化石燃料の廃止と再生可能エネルギーへの移行

COP28の合意文書は、サミットを通じて行われた多くの公約をまとめたものだ。今回初めて、「2050年までの化石燃料の段階的廃止」を含むこととなり、化石燃料時代の「終わりの始まり」として多くの人々に歓迎されている。

合意文の焦点は、化石燃料からの脱却と、再生可能エネルギーの導入を加速させるという明確な目標だ。最終的には2050年までのネット・ゼロを国境を越えて目指す。さらに、2025年までには排出量のピークを迎え、2030年と2035年に段階的に削減するという、科学的根拠に基づく削減目標にも言及している。

これにともなって、2030年までに世界の再生可能エネルギー容量を3倍にし、年間のエネルギー効率を2倍に改善するという目標も合意に至った。加えて、排出削減措置が施されていない石炭火力の段階的削減を加速させることも求める運びだ。

炭素回収・貯留(CCS)については、どの分野で使用すべきかを明確にし、広く活用するのではなく、排出削減が難しい分野で使うべきであるとした。CCSを化石燃料によるCO2排出を帳消しにするための手段とはとらえず、化石燃料の使用そのものを停止する必要性を強調している点で、これは大きな一歩となる。

COP28合意文書の懸念と課題

しかし、合意にはいくつかの懸念も残される。公平性については直接言及されておらず、各国の再生可能エネルギー目標も定量化されていないため、多排出国がどのように公平に気候変動への責任を果たすのかが示されていない。

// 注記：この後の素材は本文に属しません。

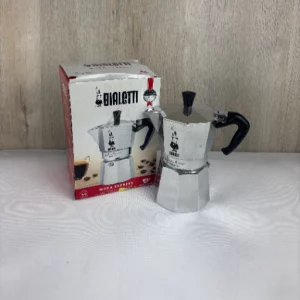 Bialetti - Moka Express: Ikonische Espressomaschine für die Herdplatte, macht echten Italienischen Kaffee, Moka-Kanne 4 Tassen (190 ml), Aluminium, Silber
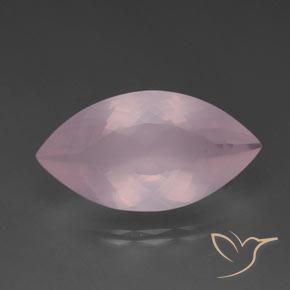 20.36ct 자연스러운 미디엄 핑크 로즈 쿼츠, 보석, 투명한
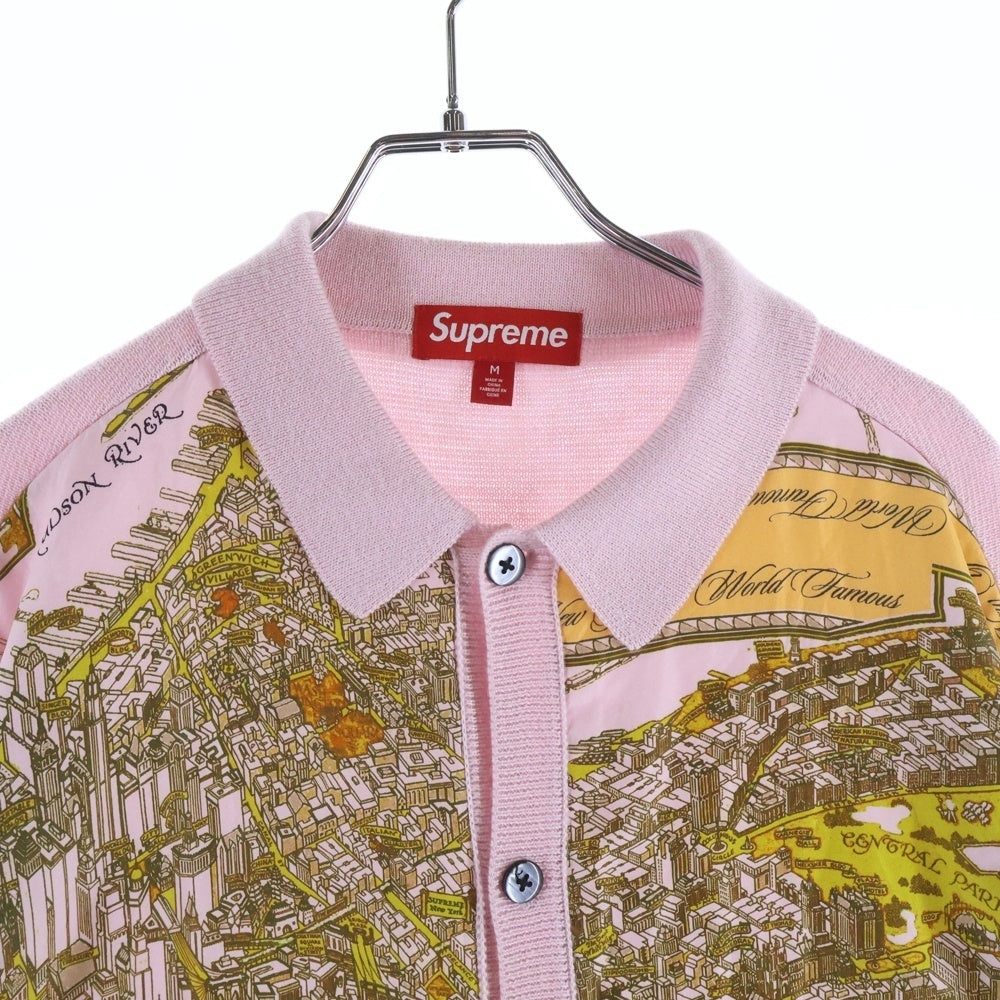 SUPREME(シュプリーム) 2023FW シルクマップカーディガン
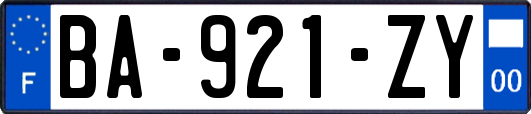 BA-921-ZY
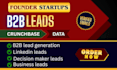 l find targeted startup founder or CEO and decision makers leads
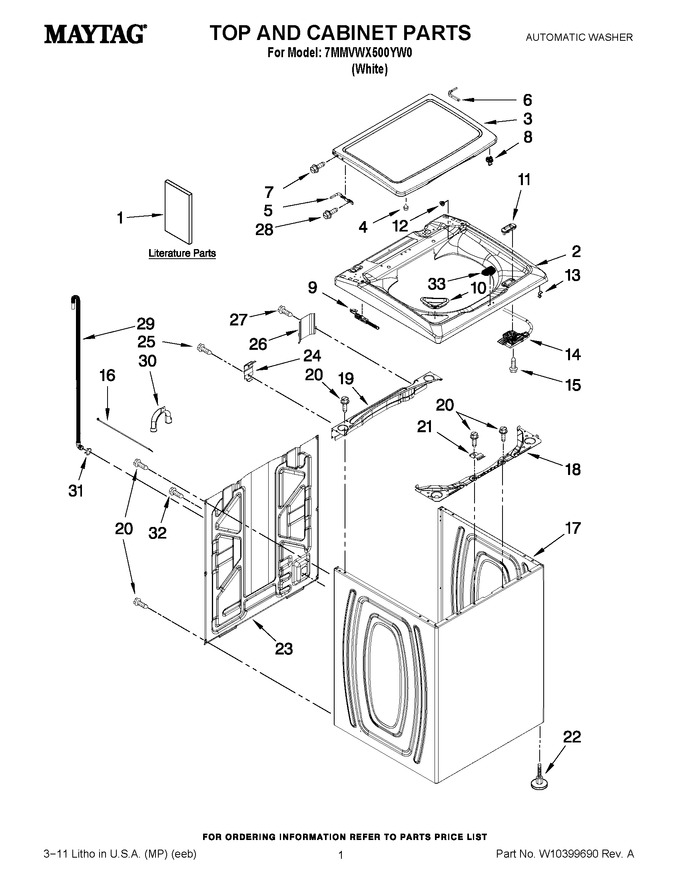 Diagram for 7MMVWX500YW0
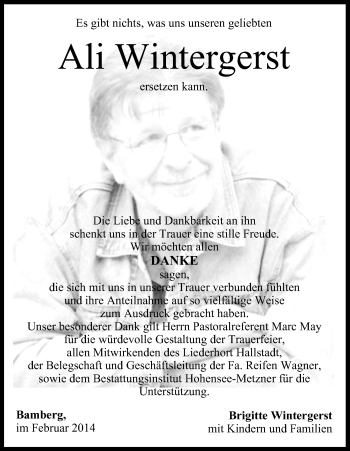 Anzeige von Ali Wintergerst von MGO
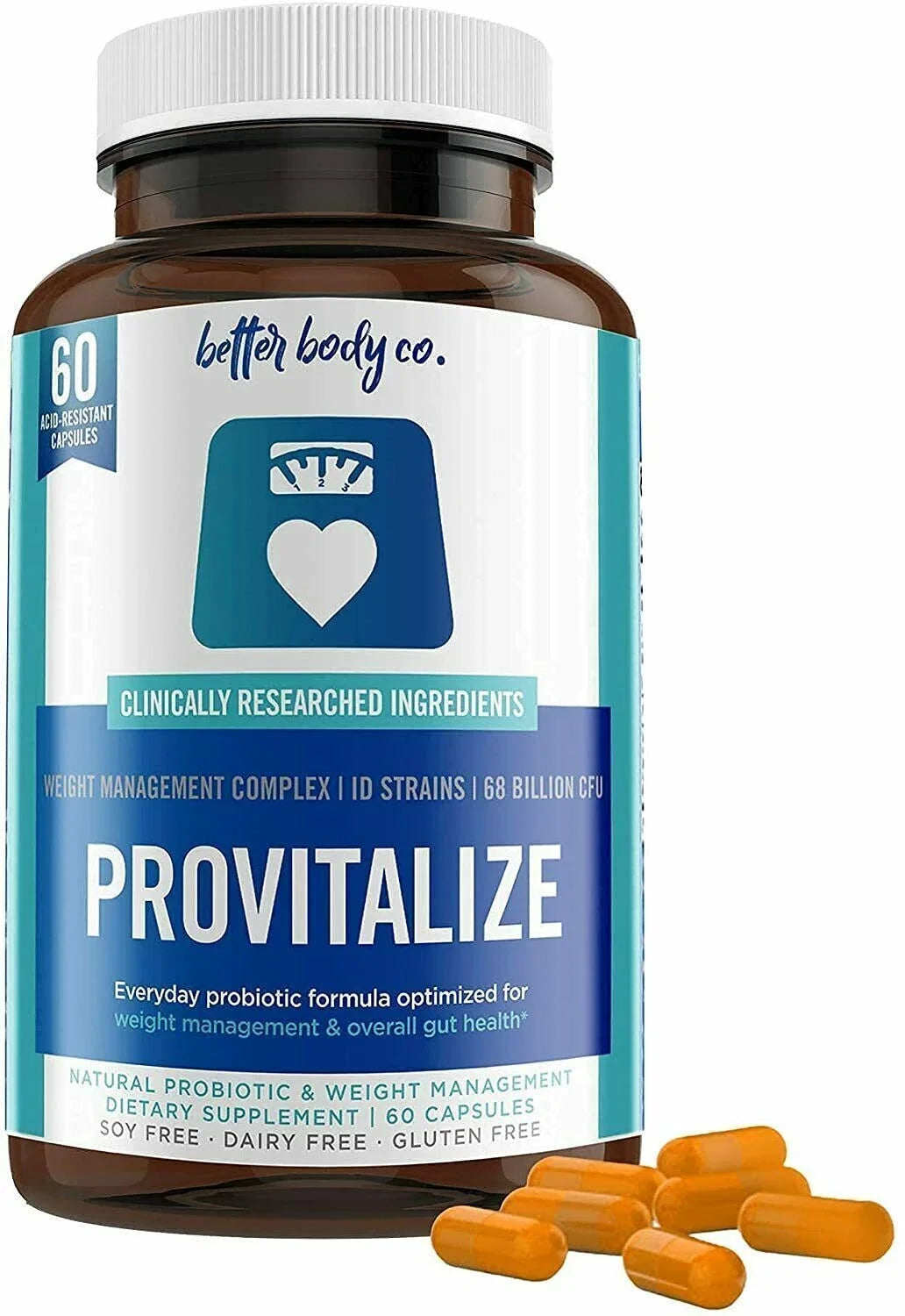Provitalize | 100% Natural Probiotic & Menopause Supplement for Women – 60 DRcaps™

加えて、排出削減処置を施していない石炭火力発電を段階的に削減することは良いスタートではあるものの、この問題に関する文言はまだまだ曖昧さが残る。地球温暖化を抑制するためには、石炭エネルギーの廃止と、新たな石炭火力発電所の開発停止を各国に誓約させる必要がある。

エネルギー転換と適応への資金調達

そして、何より、合意文書には、エネルギー転換と気候変動への適応のための資金調達に関する情報が著しく欠ける。より多くの資金調達の必要性には言及しているものの、具体的な数字や仕組みが提示されていない。発展途上国からは、2030年までにエネルギー転換のために毎年2兆米ドルが、さらに、適応のために毎年3,000億米ドルが必要とされているため、資金調達は重要な課題だ。おそらく2024年のCOP29でも、議論の中心となることが予想される。

出典: International Monetary Fund

自然環境の保護と農業の脱炭素化

COP28の合意には、自然環境の保護に関する重要な約束も含まれる。大まかには、気候変動との闘いにおける自然と生物多様性の役割を認識し、自然環境の保護が気候変動対策目標と整合していることを示している。自然は人間による排出量の約50%を吸収すると推定されている。2030年までに森林破壊を食い止め、回復させるというCOP26の目標が繰り返される形となった。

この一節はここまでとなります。